User Guide to Losses#

This guide explains how to configure and use different loss functions in your training and validation workflows, including details on weighting schemes and reduction settings.

Introduction#

Loss functions are crucial for training machine machine learning models, as they measure the discrepancy between predictions and true targets. They guide the model’s learning process by providing a signal on how to adjust its internal parameters. This guide covers:

How to select and configure loss functions via the config file. This is the primary way you’ll interact with and customize your loss settings.
How weighting (latitude or variable-based) affects loss computation. Understanding these weighting schemes is vital for tailoring your model’s focus to specific regions or output variables.
How to set up different losses for training and validation. You might want a specific loss for optimizing your model during training, but a different, perhaps more interpretable, loss for evaluating its performance.
Examples of variable weighting. Concrete examples will help you implement variable-level weighting correctly.

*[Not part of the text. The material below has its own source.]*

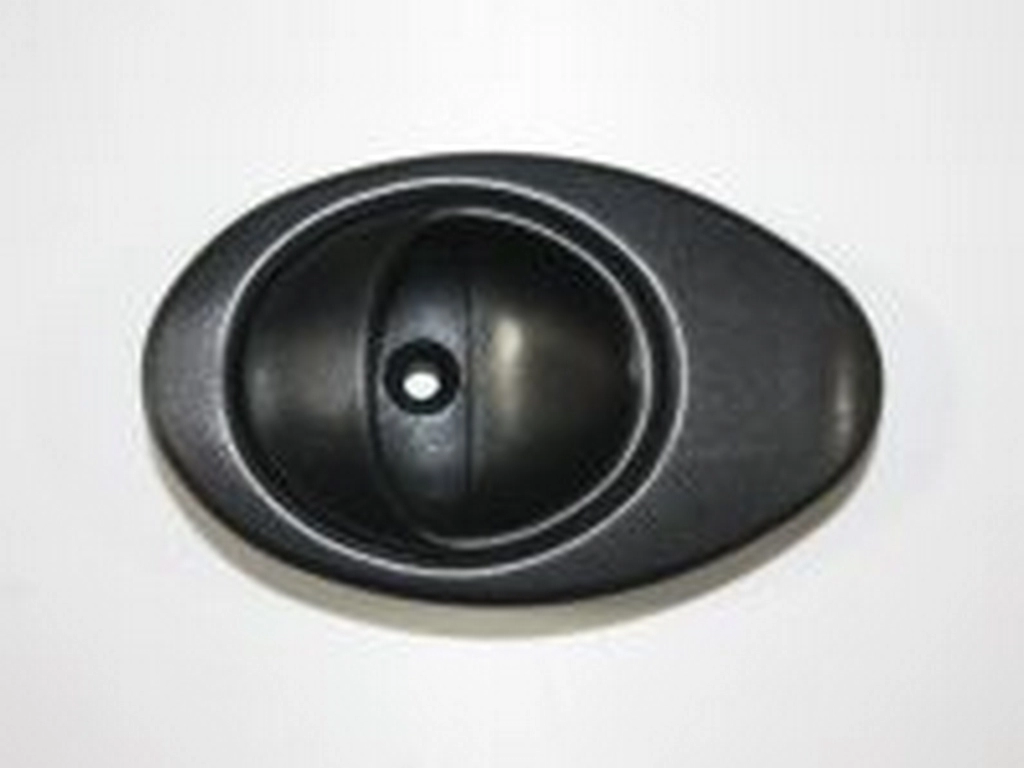 KRAL KR-39 GRANDE KAPI AÇMA KULPU İÇ SOL #GRANDE-31-1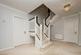 Purshall Close, REDDITCH, Worcestershire, B97 photo 5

Configuring Loss Functions#

In your configuration (conf) file, all loss-related settings are specified under the loss section. This centralizes all loss configurations for easy management.

Basic keys:#

loss:
    training_loss: "almost_fair_crps"  # The main loss used during training
    training_loss_parameters:
        alpha: 0.95                    # Optional parameters specific to the loss

    validation_loss: "mae"             # Optional; if missing, defaults to MAE
    validation_loss_parameters:        # Optional parameters for validation loss

    use_power_loss: False              # Optional additional losses
    use_spectral_loss: False

    use_latitude_weights: True         # Enable latitude-based weighting
    latitude_weights: '/path/to/file'  # Path to latitude weights file

    use_variable_weights: False        # Enable variable-level weighting
    variable_weights:                  # Example below
        U: [0.005, 0.011, ...]
        V: [0.005, 0.011, ...]
        ...

training_loss: This string specifies the name of the loss function to be used during the model’s training phase (e.g., "mse", "mae", "almost_fair_crps").
training_loss_parameters: An optional dictionary where you can pass specific parameters to your chosen training loss function. For instance, alpha: 0.95 for "almost_fair_crps".
validation_loss: (Optional) If you want to evaluate your model’s performance during validation using a different metric than your training loss, specify it here. If omitted, the validation loss will default to Mean Absolute Error ("mae").
validation_loss_parameters: (Optional) Similar to training_loss_parameters, this allows you to pass specific parameters to your validation_loss.
use_power_loss / use_spectral_loss: These boolean flags allow you to enable additional, specialized loss components, which can be useful for certain types of models or data (e.g., focusing on power spectrum or frequency domain errors).
use_latitude_weights: Set this to True if you want to apply latitude-dependent weighting to your loss. This is particularly useful in global climate or weather models where the importance of errors might vary with latitude (e.g., higher importance for polar regions).
latitude_weights: When use_latitude_weights is True, provide the file path to a .zarr or similar file containing your pre-calculated latitude weights.
use_variable_weights: Set this to True to enable weighting based on individual output variables or channels. This allows you to give more importance to certain predicted variables over others.
variable_weights: When use_variable_weights is True, you will define a dictionary where keys are your output variable names (e.g., U, V, T) and values are lists of weights corresponding to the channels of that variable.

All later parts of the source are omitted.